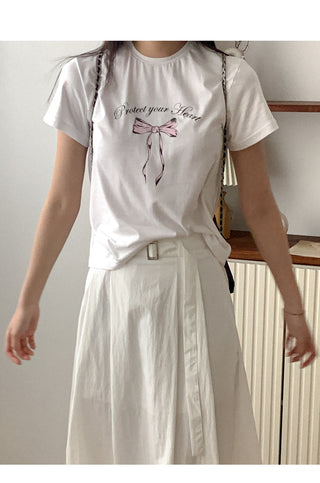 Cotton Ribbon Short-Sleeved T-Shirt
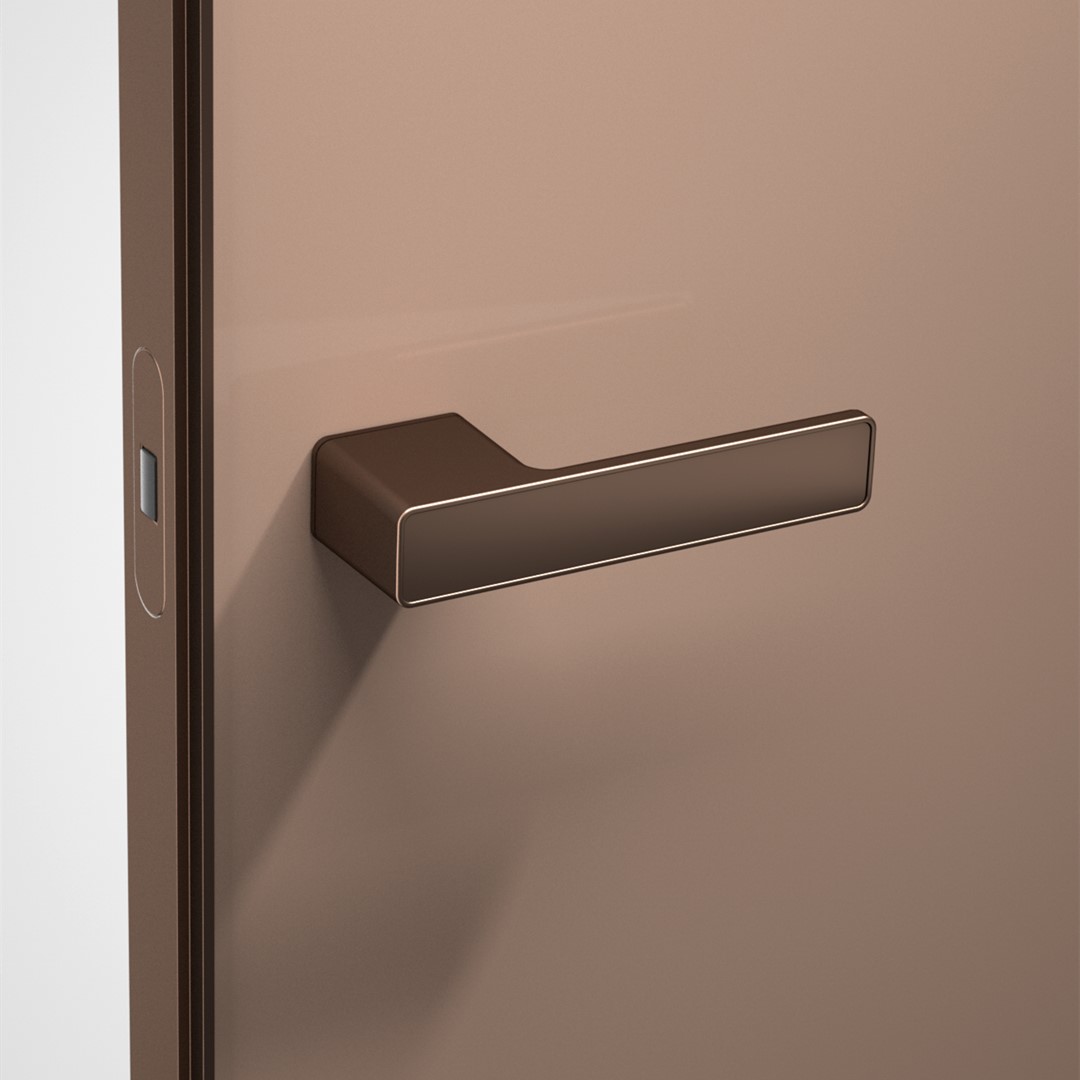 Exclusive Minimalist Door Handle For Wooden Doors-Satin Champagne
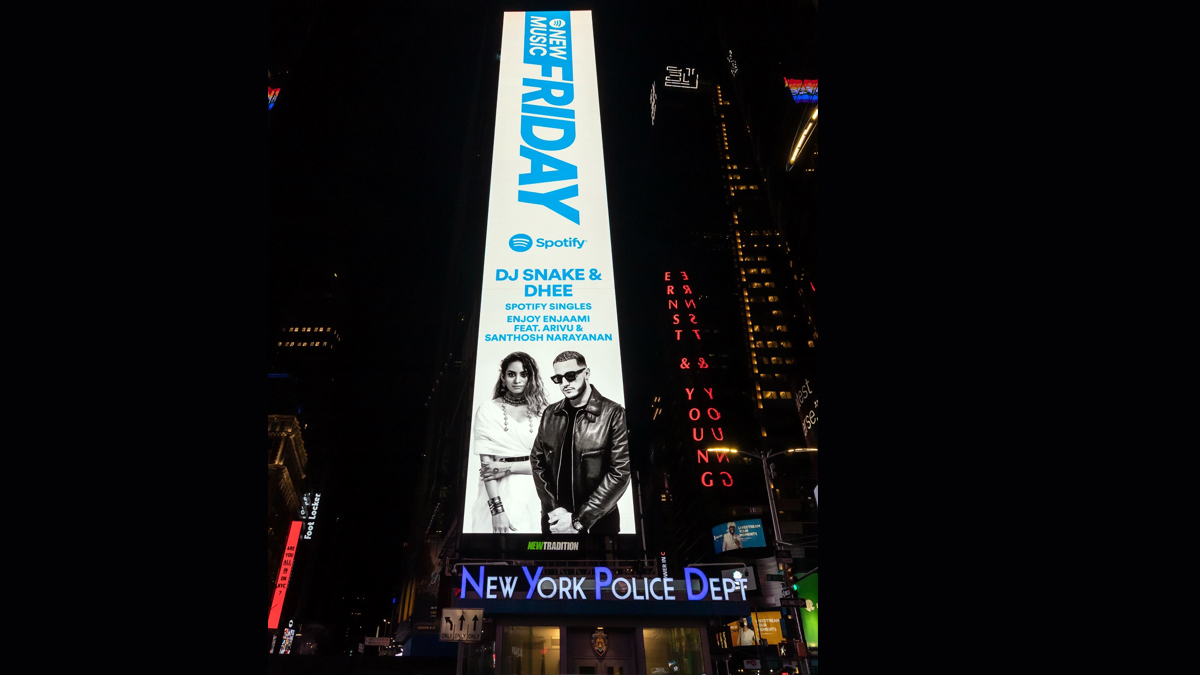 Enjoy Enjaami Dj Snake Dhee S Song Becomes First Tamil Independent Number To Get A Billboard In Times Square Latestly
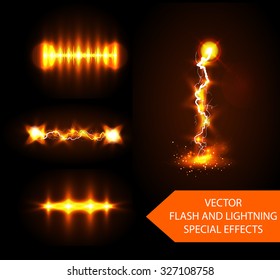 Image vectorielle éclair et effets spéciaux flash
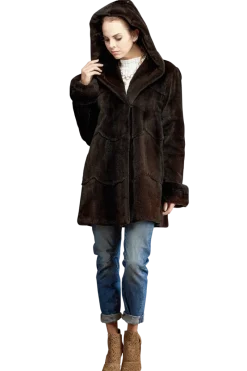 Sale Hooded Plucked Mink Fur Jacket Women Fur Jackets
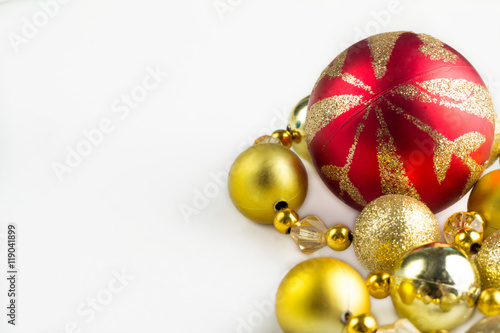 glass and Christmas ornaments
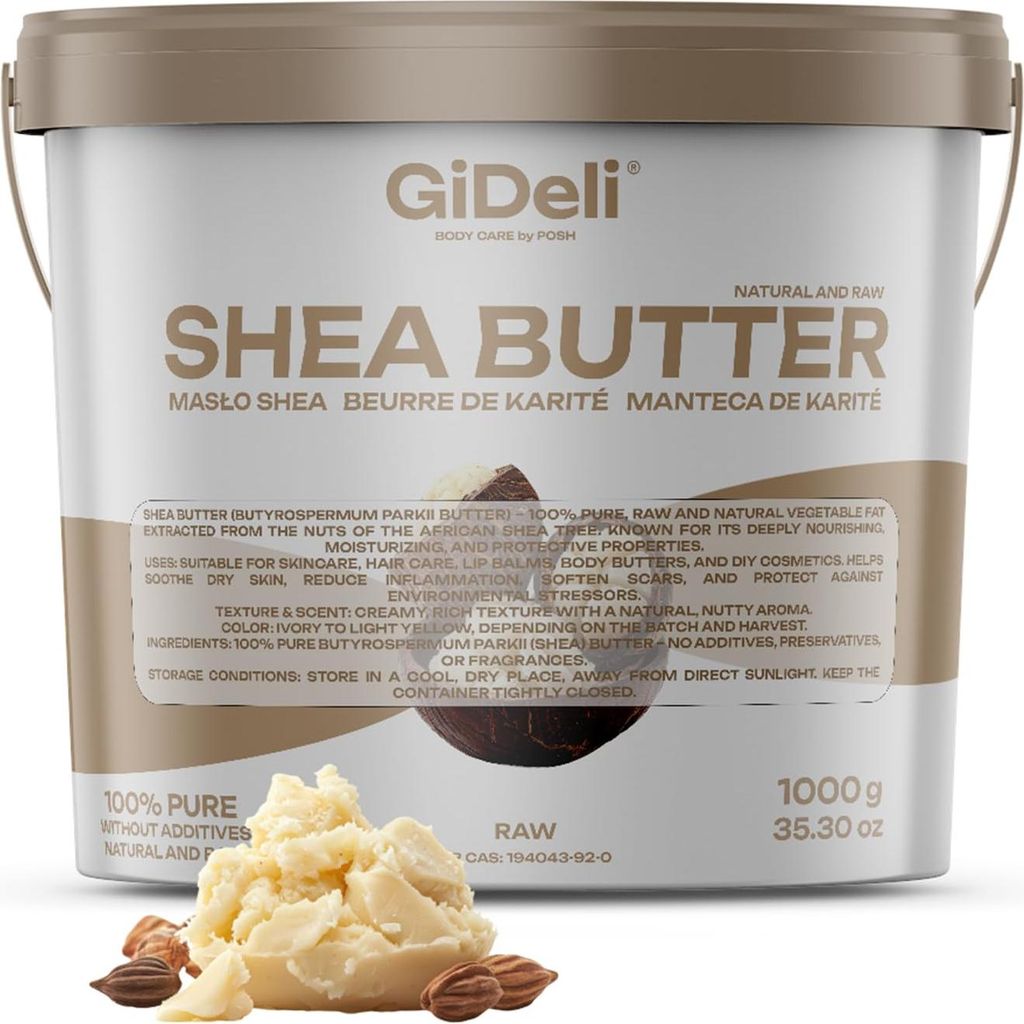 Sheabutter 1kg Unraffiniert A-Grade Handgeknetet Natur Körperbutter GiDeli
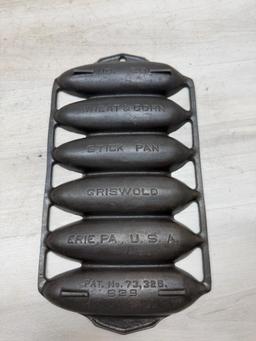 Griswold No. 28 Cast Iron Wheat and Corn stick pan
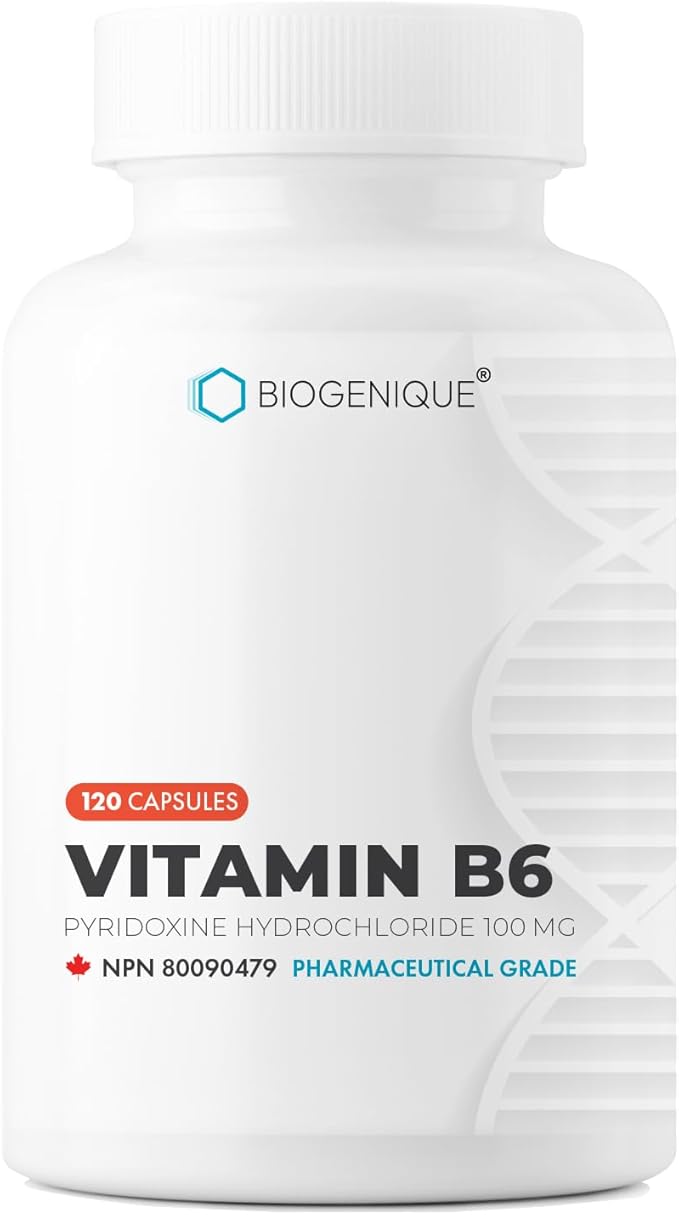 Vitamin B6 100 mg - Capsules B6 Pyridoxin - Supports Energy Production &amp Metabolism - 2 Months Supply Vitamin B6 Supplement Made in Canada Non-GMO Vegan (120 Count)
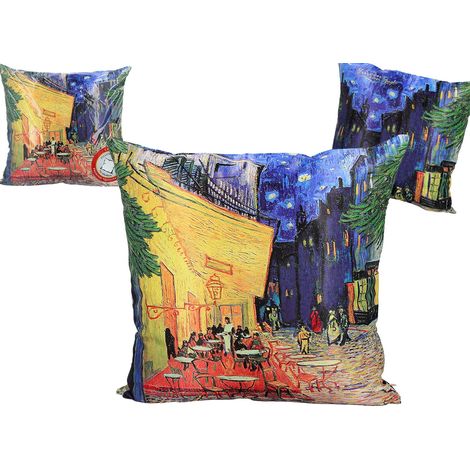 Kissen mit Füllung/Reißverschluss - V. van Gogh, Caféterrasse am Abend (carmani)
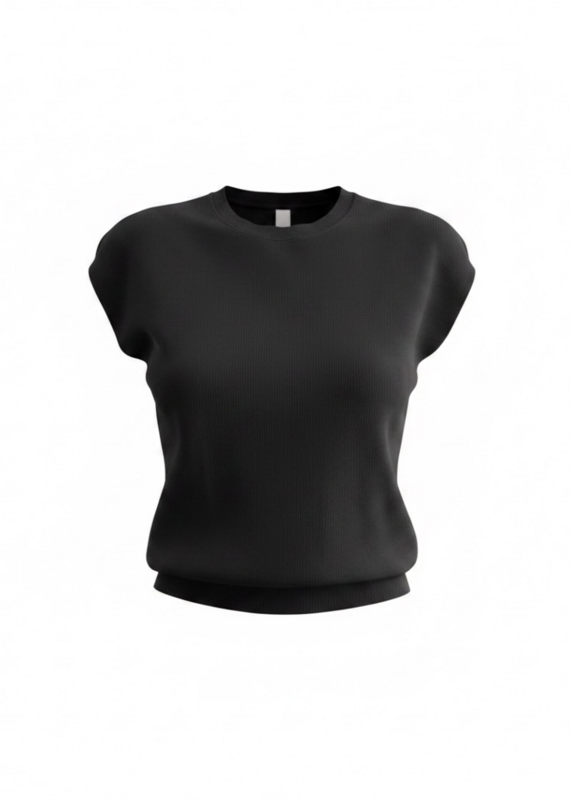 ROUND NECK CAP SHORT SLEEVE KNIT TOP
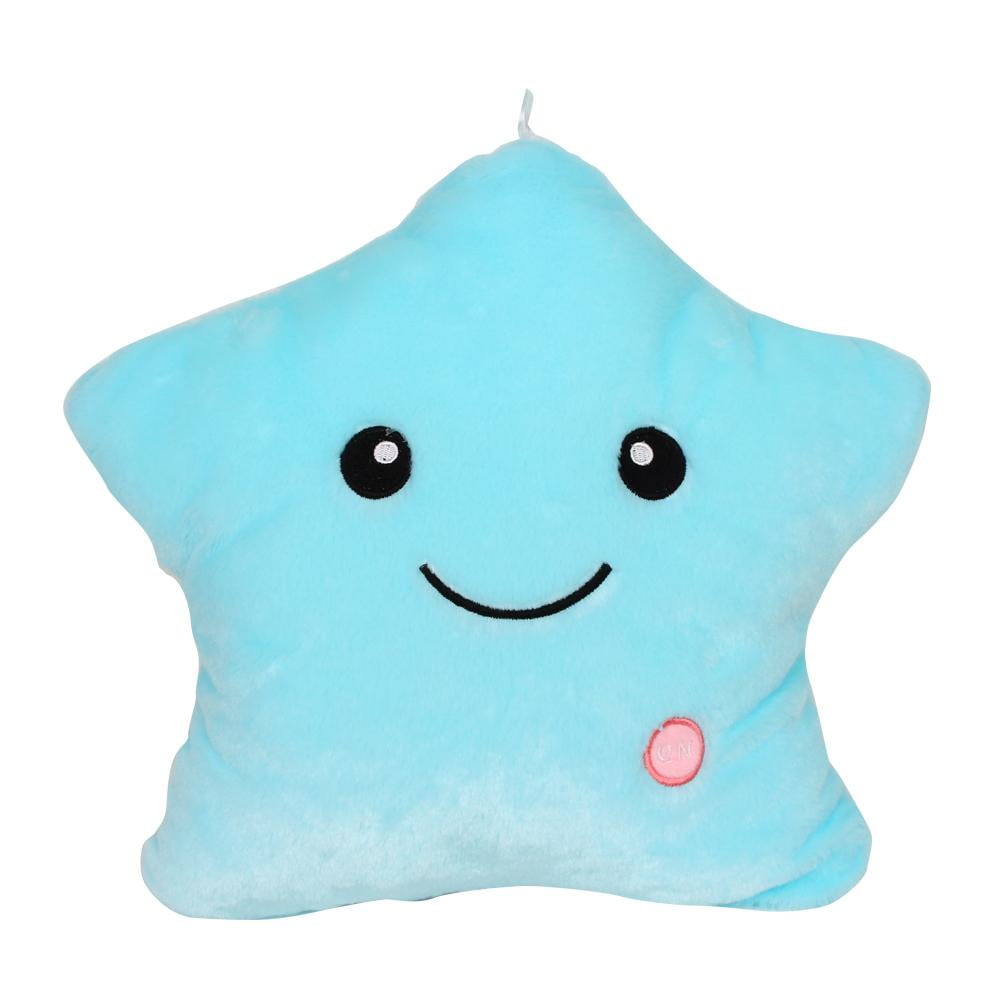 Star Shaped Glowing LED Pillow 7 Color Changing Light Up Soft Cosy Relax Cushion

-*-*-

Your output must match the records word for word, apart from the images, which are left out.

 Cotton Ribbon Short-Sleeved T-Shirt
 Exclusive Minimalist Door Handle For Wooden Doors-Satin Champagne
 Enjoy Enjaami Dj Snake Dhee S Song Becomes First Tamil Independent Number To Get A Billboard In Times Square Latestly
 Image vectorielle éclair et effets spéciaux flash
 Sale Hooded Plucked Mink Fur Jacket Women Fur Jackets
 glass and Christmas ornaments
 Sheabutter 1kg Unraffiniert A-Grade Handgeknetet Natur Körperbutter GiDeli
 Griswold No. 28 Cast Iron Wheat and Corn stick pan
 Vitamin B6 100 mg - Capsules B6 Pyridoxin - Supports Energy Production &amp Metabolism - 2 Months Supply Vitamin B6 Supplement Made in Canada Non-GMO Vegan (120 Count)
 Kissen mit Füllung/Reißverschluss - V. van Gogh, Caféterrasse am Abend (carmani)
 ROUND NECK CAP SHORT SLEEVE KNIT TOP
 Star Shaped Glowing LED Pillow 7 Color Changing Light Up Soft Cosy Relax Cushion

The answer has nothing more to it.